I see a major positive change in this regard. Whereas a few years ago I had to justify the applied yield for a certain property with transaction negotiations or with less relevant or dated transactions, today, there are quite a few actual comparables available for most of the valuations. Whilst this is positive and it is good to see activity and decreasing yield levels, it is also the responsibility of a valuer to stay realistic and act in line with the market.
How might yields change over the next 12 months?
We are witnessing a flight for certain investment products in Budapest. Offices are sought after and I would not be surprised to discuss prime deals well below the 7% mark towards the end of the year. In the case of retail, significant differences are observed in various asset classes. Due to the small market, shopping centre deals are rare and literally each product is different. There is a real buzz around high street products, investors are ready to compete for strong assets. I anticipate further yield compression with levels converging to 6% or even lower. Eyeing core markets such as Warsaw and Prague there is certainly room for improvement. The challenge is rather for Budapest to prove itself again, as a core CEE market, as over the past years there has been more comparison to SEE countries such as Romania or Bulgaria.
Based on the volume of developments, growth is much more modest on the Hungarian commercial real estate market. What kind of projects can be successful under the current market conditions?
After some failures in the past, developers focus on property basics. Location, tenant covenant strength, lease term and market rental levels are the keywords for investment properties. Banks’ willingness to lend is important and I see improvement in this area. Long term client relationships are important in all aspects, after all property is a people business, rather than just brick and mortar.
How has the practice of valuation changed as a result of the crisis?

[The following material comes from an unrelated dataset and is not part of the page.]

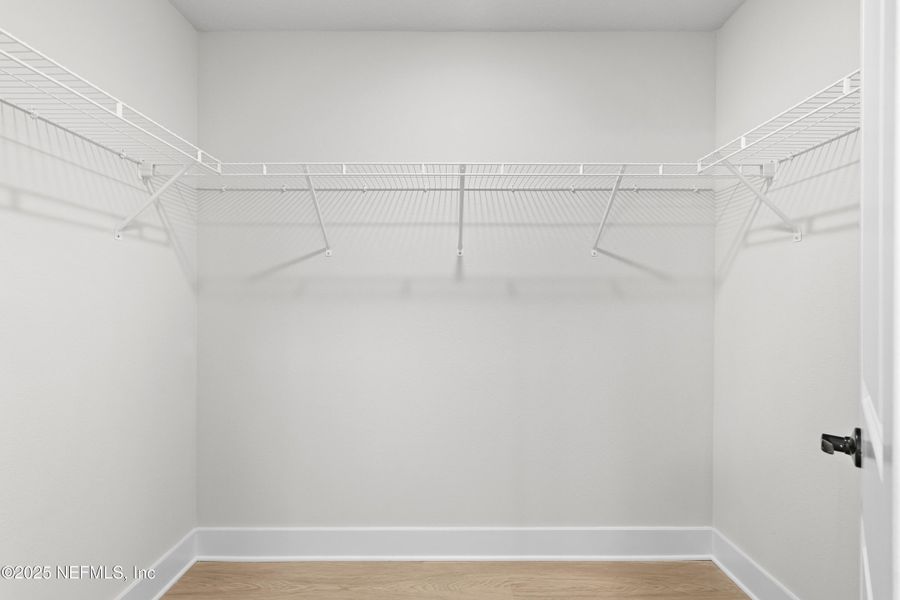 Spacious, unfurnished interior of a new home in , Middleburg (Image 22). Spacious, unfurnished interior of a new home in , Middleburg (Image 22).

On the strategic level risk management has become more important. This has brought along a focus on better analysis of property fundamentals. Do we have an optimal tenant mix, are tenants happy, what are the lease expiry profiles, do we have significant landlord costs, is there an investment market for the product – these are some of the questions to ask to get to the market value.
Our valuations are typically reviewed by two or three valuers; we keep on challenging each other to get to the right answer. Beyond that, our opinion of value reflects the knowledge of our investment and leasing agent colleagues, who are continuously out in the market doing deals.
What challenges must valuers face on this newly growing market?
As mentioned earlier, valuers shall remain realistic. Whilst agents are rightly bullish and proactive to facilitate deals, valuers should rather be the followers of the market, interpreters of trends if you like. Being interpreters does not stop us from giving valuable advice as to future trends, but we always need to bear in mind that we value today, not in one year’s time. I have seen many overly optimistic valuations in the booming years, perhaps anticipating further market growth. But one should understand, and more importantly, remember that property is a cyclical business.